By Chris Murphey
Here’s a startling statistic from a recent Rsam survey: 50 percent of companies assess only 15 percent of their vendors. It’s clear that many of us are playing a dangerous game of chicken with the regulations and regulators who are scrutinizing our industries and operations, leaving an ever-widening risk gap.
Fortunately, there is a growing body of thought leadership and evolving technology to help improve your vendor risk management programs to tackle the challenge from three key angles: performance, risk, and relationship. It is possible to source and use service providers and IT suppliers without incurring unacceptable potential for an event, a business disruption or a negative impact on business performance.
We get it. This gap doesn’t exist because you’re unaware of the risks of better vendor management. It can be hard to do all that is needed with the all-too-common tight constraints on resources. However, a well-designed and center-led vendor governance program can help to alleviate that burden. By embedding a top-down, bottoms-up and continuous improvement methodology you can avoid the constraints of a silo-based operation. You can set the stage for a journey that will allow your organization to live free from fear of a fine or a censuring.

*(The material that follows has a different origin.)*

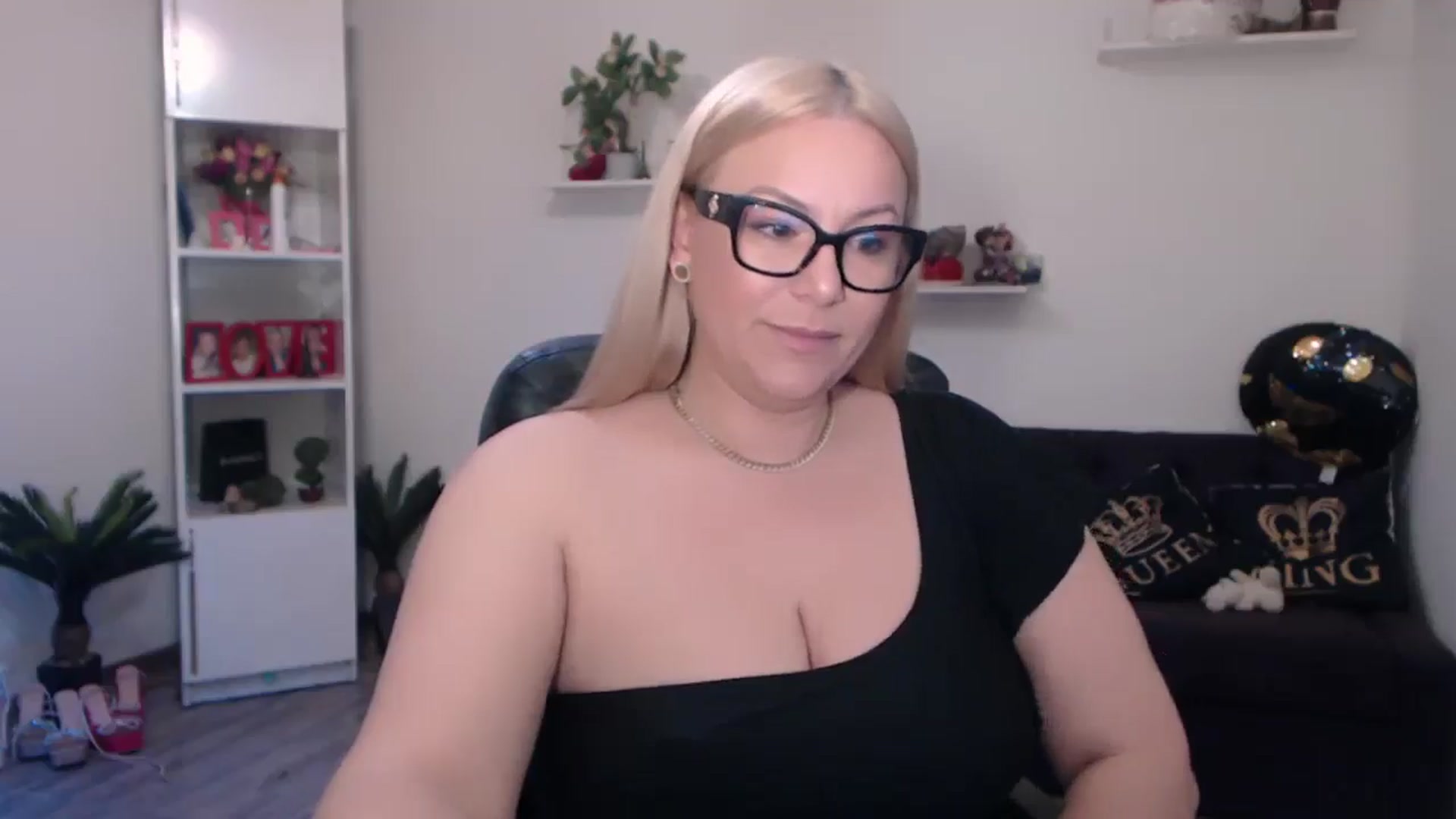 Gallery image thumbnail from A_baby_Boo's myfreecams stream on, 03/22/2025, 15:22 image 3 of 20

Starting the Vendor Risk Management Journey
Many VRM journeys start with an event like a security breach traced back to the vendor. It becomes a priority for the organization, your team receives the funding it needs to implement a program, and suddenly it’s time to get started and create a vendor risk management checklist . If you’re in this situation now, the first thing to keep in mind is you shouldn’t try to create your vendor risk management program in a vacuum.
Don’t try to develop a vendor governance policy and implement your vendor governance efforts alone. Instead, assemble the relevant stakeholders from areas like the procurement, compliance, legal, information security, privacy and operations teams.
A good approach is to set up a 15-minute meeting with director levels or above from all governance or compliance roles in your organization. Ask them:
- Do you have a stake in knowing or ensuring our vendors provide safe, compliant, and productive services?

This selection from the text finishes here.